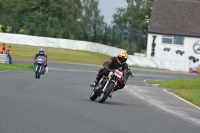 Mallory-park-Leicestershire;Mallory-park-photographs;Motorcycle-action-photographs;classic-bikes;event-digital-images;eventdigitalimages;mallory-park;no-limits-trackday;peter-wileman-photography;vintage-bikes;vintage-motorcycles;vmcc-festival-1000-bikes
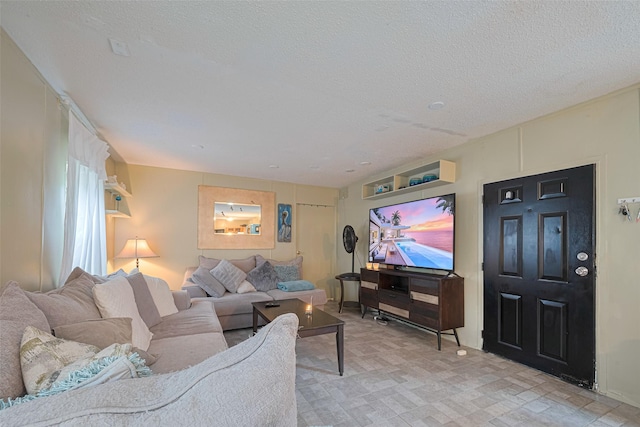 333 9th St, San Leon, TX 77539 - living room with a textured ceiling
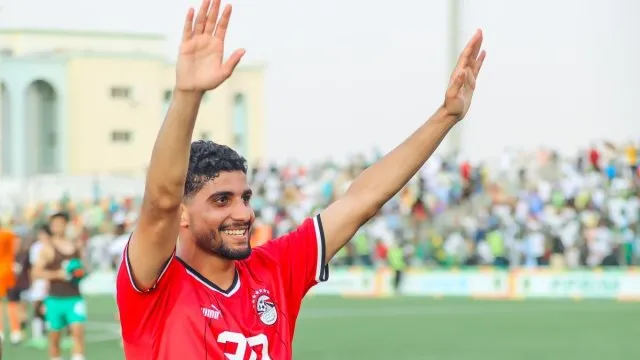 حقيقة-وجود-مفاوضات-بين-الأهلي-وإبراهيم-عادل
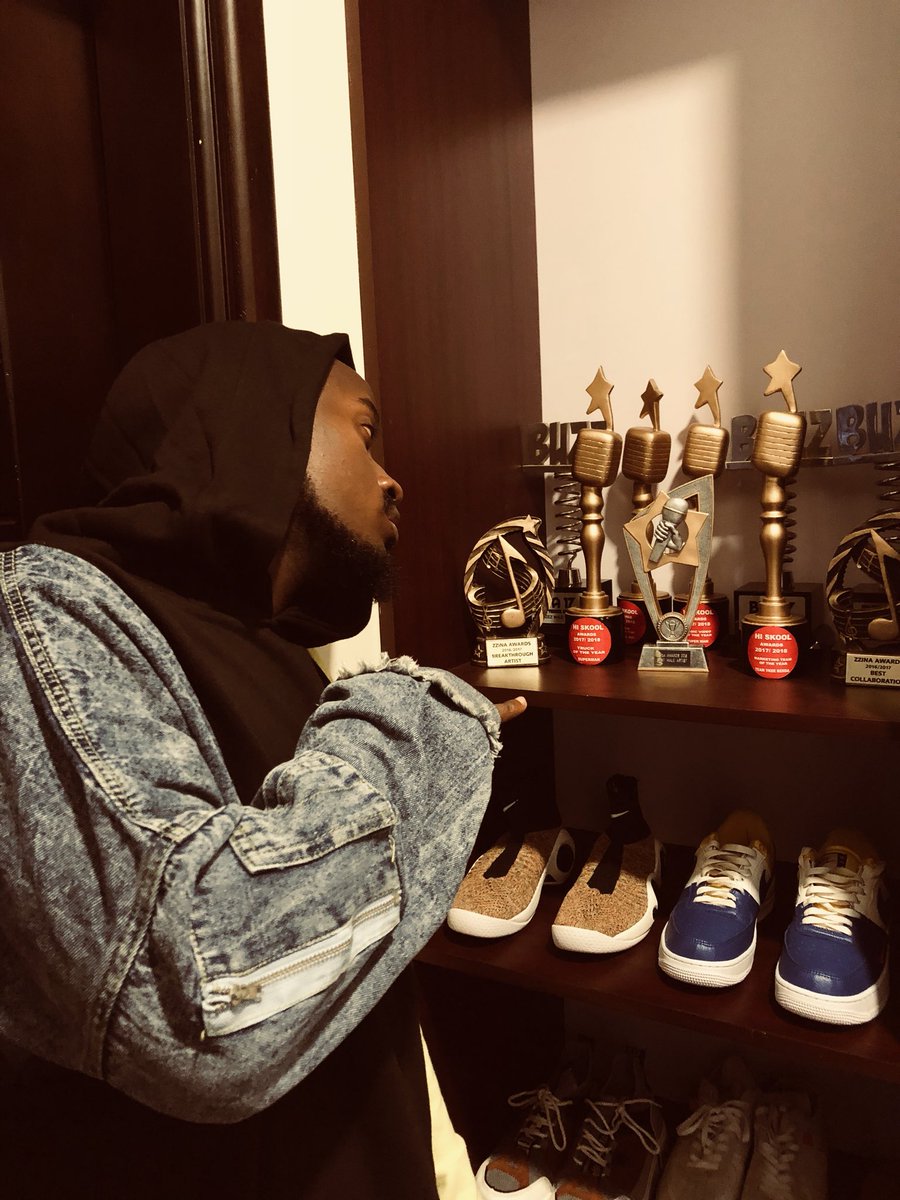 YkeeBenda's tweet photo. My babies are about to get new sibling...waiting for you baby @afrimma 😍❤️LoL #CreatingSomeThingIconic #SingaSoonDrops https://t.co/vpLgC4972x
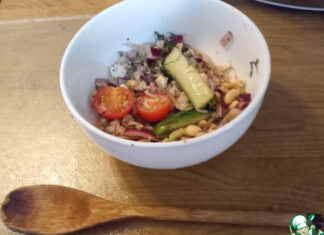 Жареный рис с овощами и травами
* * *
* [WORK TASK]: Transcribe the data exactly and leave no picture in the copy.

* [RESULT OF THIS EXERCISE]:
 Mallory-park-Leicestershire;Mallory-park-photographs;Motorcycle-action-photographs;classic-bikes;event-digital-images;eventdigitalimages;mallory-park;no-limits-trackday;peter-wileman-photography;vintage-bikes;vintage-motorcycles;vmcc-festival-1000-bikes
 333 9th St, San Leon, TX 77539 - living room with a textured ceiling
 حقيقة-وجود-مفاوضات-بين-الأهلي-وإبراهيم-عادل
 YkeeBenda's tweet photo. My babies are about to get new sibling...waiting for you baby @afrimma 😍❤️LoL #CreatingSomeThingIconic #SingaSoonDrops https://t.co/vpLgC4972x
 Жареный рис с овощами и травами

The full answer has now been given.